In some cases, products may perform both the information preparation and management processes. For example, e-mail content-filtering software scans and analyzes all messages entering an organization, and produces a spam score that's compared to spam categories. If the spam score matches the criteria, the e-mails are filtered and not delivered. Similar to anti-spam software, MessageGate and Orchestria offer products that classify and act on messages. Actions include setting retention periods, blocking messages that violate regulatory policies from being sent and establishing legal hold groups if messages need to be reviewed by counsel.
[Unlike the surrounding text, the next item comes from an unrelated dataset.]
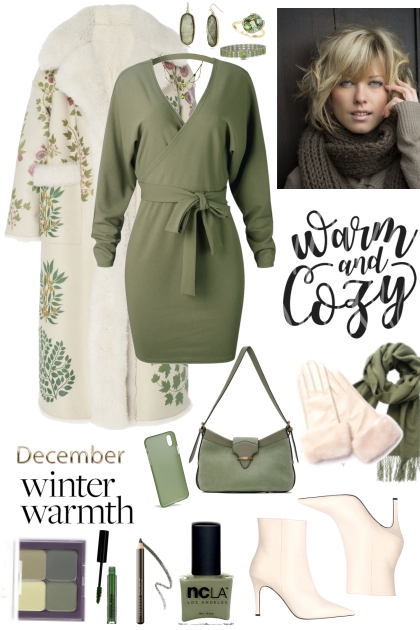 #889 2023 Green Sweater Dress- Fashion set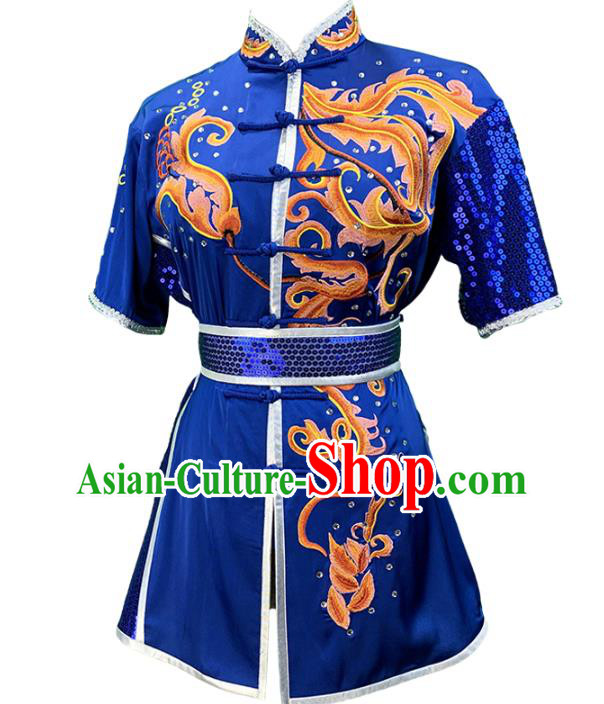 Chinese Kungfu Competition Clothing Kung Fu Training Garment Costumes Martial Arts Wushu Embroidered Red Sequins Outfits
IIM is possible because of the available products that can quickly analyze, classify and take actions with data. Other parts of the IT infrastructure, especially data protection software and storage systems, can use the attributes to further increase the availability and accessibility of data. New storage systems can store data attributes in the same device as the data. In addition, data protection software can increase the frequency of backups or serve as management software that moves the data to an online secondary storage system that facilitates quicker restores. Data protection software can also preserve the attributes along with the data, ensuring that all information and indexes can be restored.
When archiving files, information prep is handled by the file archiving software which, via integration with an intelligent storage system, establishes/enforces a retention period.
It's all context
By deploying IIM applications, organizations can improve resource management by eliminating the storage of duplicate data, reduce risk by quickly responding to discovery requests, comply with record-retention and privacy regulations, and restore the right data faster.
IIM provides the context to manage data efficiently. Data without context leads to unmanageable risks and significantly strains IT resources, both human and capital.